HONG KONG (Reuters) - A long-awaited link between China’s booming Shenzhen stock market and neighboring Honk Kong goes live on Monday, allowing foreign investors first-time access to some of the fastest growing technology companies in the world’s second biggest economy.
The link comes two years after regulators approved the Shanghai-Hong Kong stock connect scheme and extends China’s efforts to open up its vast capital markets even as it struggles to enforce curbs on speculative money that was blamed for triggering last summer’s stock market crash.
The Shenzen opening - hobbled by delays of almost a year - will finally connect all of China’s stock markets, which with a combined market cap of over $5 trillion serves up plenty of investment opportunities for foreigners and speculators.

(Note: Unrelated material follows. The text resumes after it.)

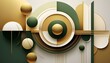 © Donald - abstract composition featuring overlapping circles colors include olive gold white dark green minimalist design soft gradients present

Analysts expect a relatively subdued start for the link.
Pauline Dan, head of greater China equities at Pictet Asset Management Ltd in Hong Kong which manages $168 billion in assets as of end-September 2016, said investors will need time to “gauge and assess the opportunities in the Shenzhen market.”

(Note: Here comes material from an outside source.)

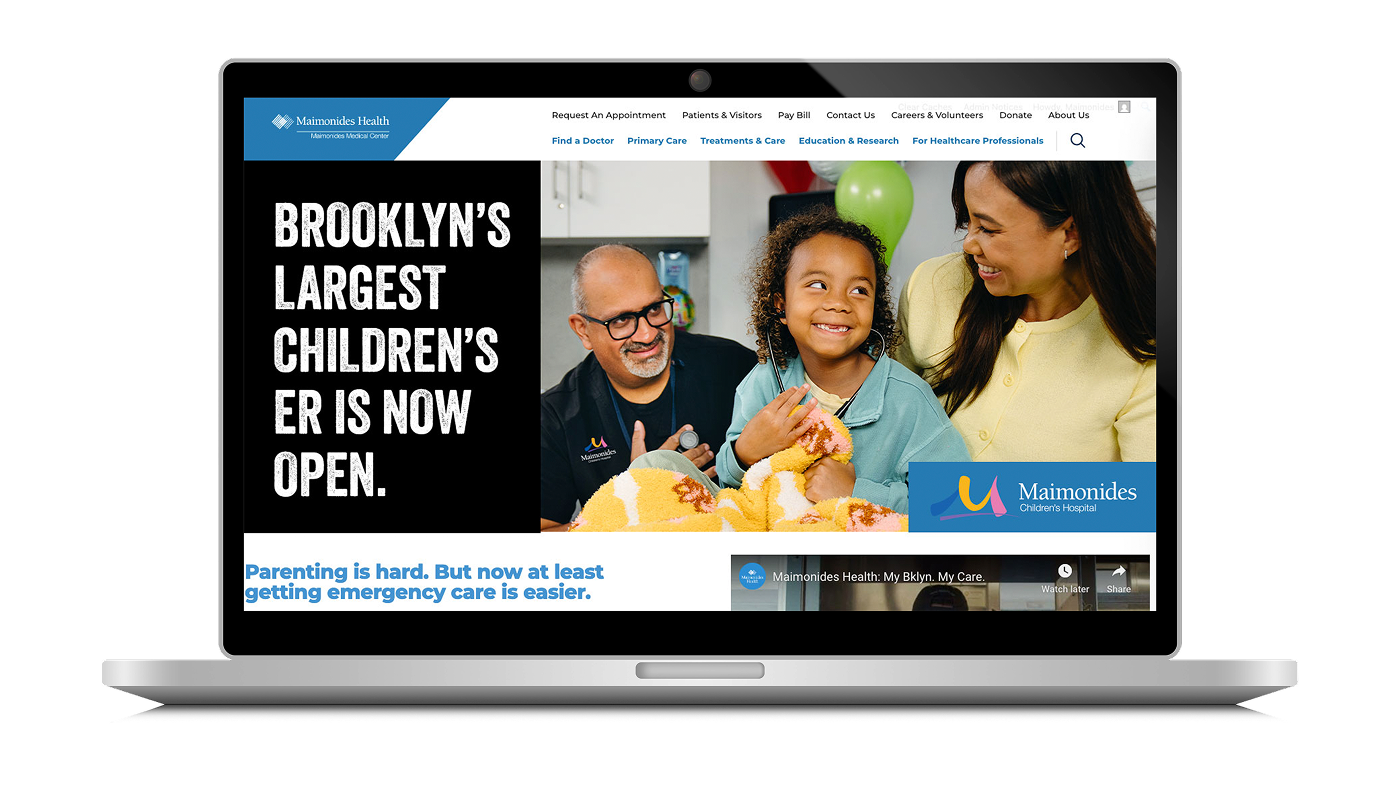 Laptop screenshot of Maimonides Pediatrics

“However, Shenzhen market has more smaller cap, technology companies which are not well covered and their disclosure level is lower than HK listed companies.”
The pipeline will offer foreign investors 881 stocks in the Shenzhen’s $3 trillion stock exchange and 417 counters on the Hong Kong side to Shenzhen-based investors, according to Macquarie Research.

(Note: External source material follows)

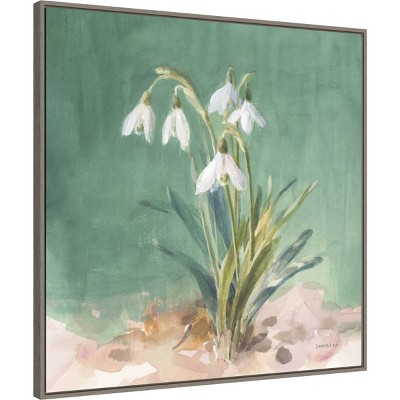 Soft Dewdrops Botanical Canvas Print with Float Frame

Aggregate quota limits were scrapped in August but there are daily limits of 13 billion yuan on the Shenzhen leg and 10.5 billion yuan on the Hong Kong leg, according to a stock exchange notification.
Shenzhen Stock Exchange and its boards – the main board, the SME index and the Chinext, which is the U.S. equivalent of the Nasdaq have very distinctive features related to size, liquidity and private ownership which some investors are excited about.
The Shenzhen market has more small-cap stocks than China’s other bourse, with an average market cap of about half of that of Shanghai listed shares but they are more liquid than some of their bigger counterparts in Hong Kong and Asia.
Almost 75 percent of the most liquid names in an aggregated Asia ex-Japan plus Shenzhen universe are from the Shenzhen stock exchange, according to Francois Perrin, portfolio manager at East Capital.
The predominance of privately listed companies on the Shenzhen bourse – about three fourths of the companies listed here are privately held compared to a quarter to Shanghai - make them relatively more profitable. By sector, tech is the biggest and accounts for a fourth.
Still, some investors say from a valuation perspective, investment flows might initially favor Hong Kong as the Chinese currency remains weak after slipping to 8-1/2-year lows last week.
The Shenzhen stock market trades at a price to earnings multiple of 35 times while the Hang Seng small cap index trades at a third of that.
Daily flows under the existing Shanghai - Hong Kong stock connect scheme has diverged in recent weeks with the Hong Kong leg seeing a greater usage rather than the China-bound traffic.
“Yuan devaluation has encouraged outflows from the mainland and that could heighten volatility in Hong Kong,” said Nicholas Yeo, head of China and Hong Kong equities at Aberdeen Asset Management which has $405 billion of assets under management globally.